| Record set |
┄┄┄┄┄┄┄┄┄┄

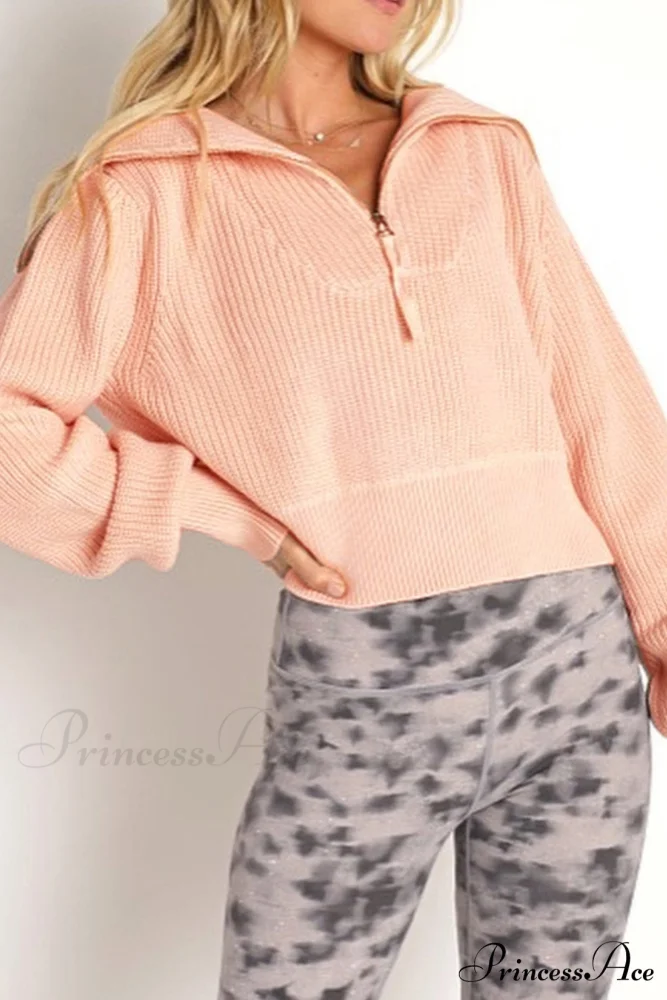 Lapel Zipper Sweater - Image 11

┄┄┄┄┄┄┄┄┄┄

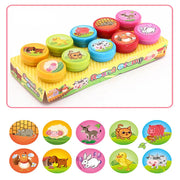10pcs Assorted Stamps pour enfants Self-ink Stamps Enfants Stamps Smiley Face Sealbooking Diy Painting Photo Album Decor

┄┄┄┄┄┄┄┄┄┄

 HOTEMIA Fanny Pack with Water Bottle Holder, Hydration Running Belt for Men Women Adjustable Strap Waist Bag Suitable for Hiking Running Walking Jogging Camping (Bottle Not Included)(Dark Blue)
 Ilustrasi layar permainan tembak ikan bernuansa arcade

┄┄┄┄┄┄┄┄┄┄

| Your goal |
The entries above hold a line with "HOTEMIA Fanny Pack" and a later line with "Ilustrasi layar permainan". Write out exactly those lines and all lines between, nothing more.

| The completed task |
 HOTEMIA Fanny Pack with Water Bottle Holder, Hydration Running Belt for Men Women Adjustable Strap Waist Bag Suitable for Hiking Running Walking Jogging Camping (Bottle Not Included)(Dark Blue)
 Ilustrasi layar permainan tembak ikan bernuansa arcade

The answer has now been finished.